Tuesday, January 21, 2014

Time to Step up and Help the Montana Gay Men’s Task Force: We Can’t Afford to Lose It!

Budget cuts could mean less opportunities
for free and anonymous HIV testing
When I first began testing the waters outside the fortified walls of my closet 13 years ago I felt scared, confused, tormented and alone. I had thoughts of suicide. I thought for sure I would drown. I recall a depressed, drunken night on a trip to Denver when I engaged in unprotected sex. In my naivety, I felt for sure I would die of AIDS. I had no one to turn to; no one to talk to.

Based in my hometown of Missoula, Montana, the Task Force is led by gay men – men who had been where I was, had felt the way I did, could relate, emphasize and provide help and support. I felt safe privately and discretely consulting with their professional and dedicated staff; I attended gay men retreats they put on; I learned about HIV and other sexually-transmitted infections and diseases; I learned about safe sex; I felt relieved to have access to free and anonymous testing the task force provides for men like me who have sex with men, conducted by men like me who have sex with men. I trusted them. I still do.

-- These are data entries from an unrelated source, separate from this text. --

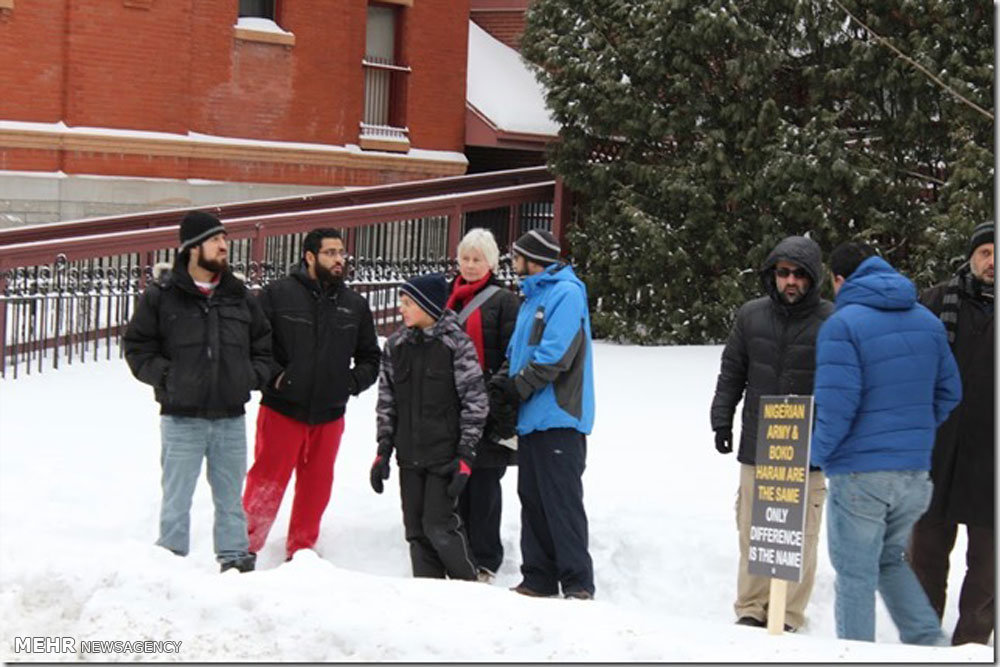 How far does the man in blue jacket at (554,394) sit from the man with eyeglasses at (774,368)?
78 centimetres

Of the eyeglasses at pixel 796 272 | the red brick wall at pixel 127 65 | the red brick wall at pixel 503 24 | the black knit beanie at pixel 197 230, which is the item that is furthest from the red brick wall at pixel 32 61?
the eyeglasses at pixel 796 272

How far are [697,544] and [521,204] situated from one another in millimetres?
11041

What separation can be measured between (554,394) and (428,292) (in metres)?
0.90

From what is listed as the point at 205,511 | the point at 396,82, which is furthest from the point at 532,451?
the point at 396,82

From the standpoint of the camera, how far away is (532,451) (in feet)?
28.4

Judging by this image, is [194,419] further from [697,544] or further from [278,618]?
[697,544]

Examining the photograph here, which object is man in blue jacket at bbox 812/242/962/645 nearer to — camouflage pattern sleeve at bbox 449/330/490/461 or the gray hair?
camouflage pattern sleeve at bbox 449/330/490/461

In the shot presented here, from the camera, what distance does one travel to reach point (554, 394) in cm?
851

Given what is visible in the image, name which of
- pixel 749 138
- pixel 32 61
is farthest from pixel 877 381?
pixel 32 61

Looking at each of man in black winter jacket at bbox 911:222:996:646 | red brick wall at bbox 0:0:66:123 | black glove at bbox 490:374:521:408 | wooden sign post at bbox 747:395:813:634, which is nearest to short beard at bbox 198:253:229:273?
black glove at bbox 490:374:521:408

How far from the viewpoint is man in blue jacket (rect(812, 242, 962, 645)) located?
7246mm

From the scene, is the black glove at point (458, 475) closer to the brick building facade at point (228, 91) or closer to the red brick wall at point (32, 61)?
the brick building facade at point (228, 91)

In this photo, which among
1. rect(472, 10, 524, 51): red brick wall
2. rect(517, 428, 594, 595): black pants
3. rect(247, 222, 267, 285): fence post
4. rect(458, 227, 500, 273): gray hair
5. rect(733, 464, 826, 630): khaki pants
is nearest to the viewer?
rect(733, 464, 826, 630): khaki pants

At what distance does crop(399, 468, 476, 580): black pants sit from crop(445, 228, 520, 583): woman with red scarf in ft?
1.37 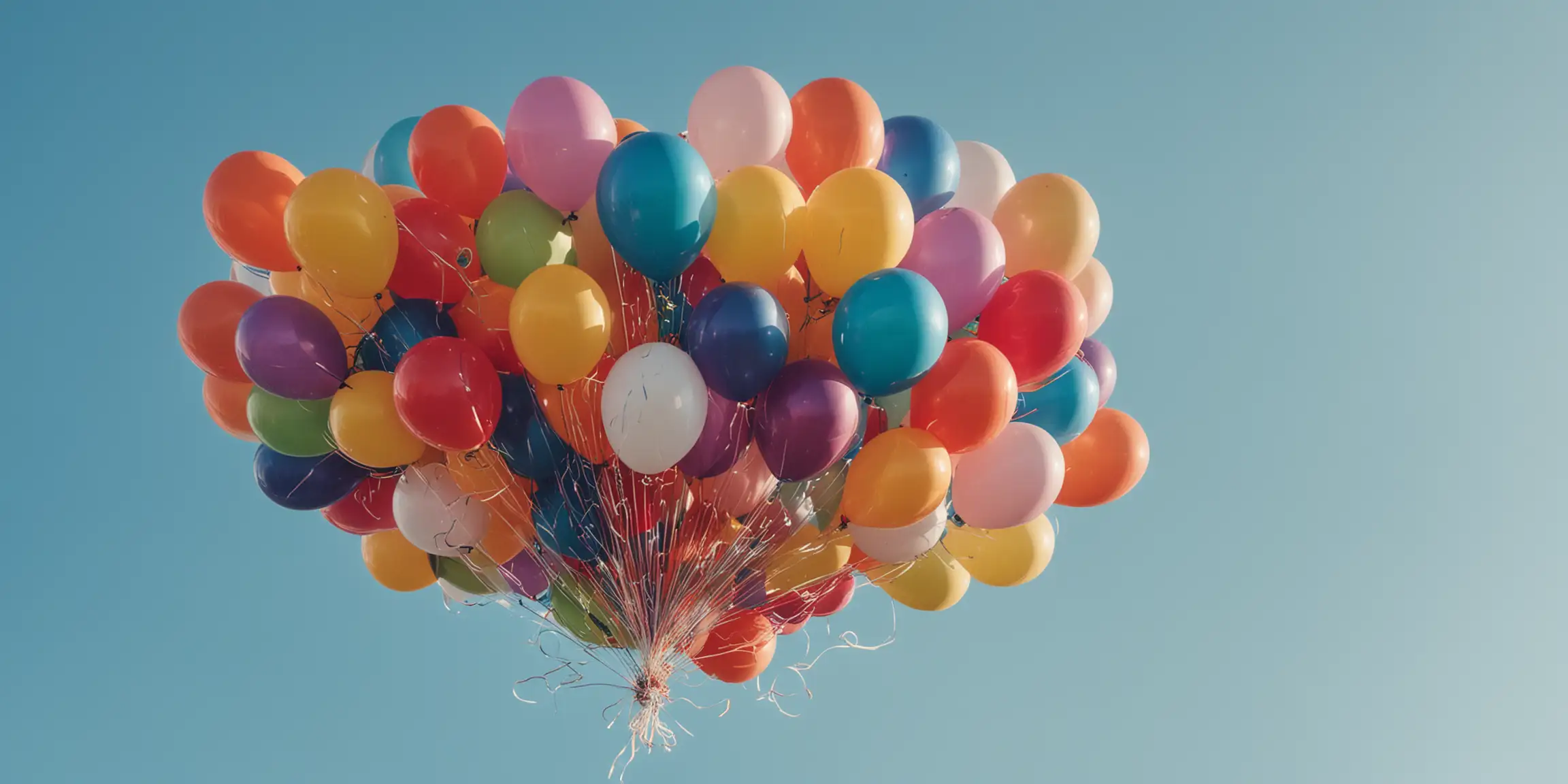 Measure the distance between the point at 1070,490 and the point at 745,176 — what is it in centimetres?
187

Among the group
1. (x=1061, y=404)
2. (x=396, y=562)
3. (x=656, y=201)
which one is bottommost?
(x=396, y=562)

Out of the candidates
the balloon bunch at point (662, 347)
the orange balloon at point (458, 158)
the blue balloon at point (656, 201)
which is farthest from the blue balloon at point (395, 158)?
the blue balloon at point (656, 201)

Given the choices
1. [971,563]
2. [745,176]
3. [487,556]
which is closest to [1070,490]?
[971,563]

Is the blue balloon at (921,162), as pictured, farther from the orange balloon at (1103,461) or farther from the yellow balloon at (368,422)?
the yellow balloon at (368,422)

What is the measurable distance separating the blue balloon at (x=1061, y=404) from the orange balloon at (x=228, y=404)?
10.0ft

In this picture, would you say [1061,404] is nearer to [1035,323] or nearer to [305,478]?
[1035,323]

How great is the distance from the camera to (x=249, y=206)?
441 centimetres

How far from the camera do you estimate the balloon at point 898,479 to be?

Without them, I would not be as confident and comfortable with myself as I am today. I might not even be alive.

I’m not the only one.

“It’s difficult to measure how many people we have helped, and how many diseases and infections we’ve prevented,” says Task Force Director David Herrera. “But there is no doubt that we have.”

No doubt indeed! Considering that Herrera has been involved in HIV prevention, testing and counseling for nearly 30 years I have no doubt the people he has helped, including me, number in the thousands.

Where would people like me be without the Task Force? Unfortunately, we may soon find out.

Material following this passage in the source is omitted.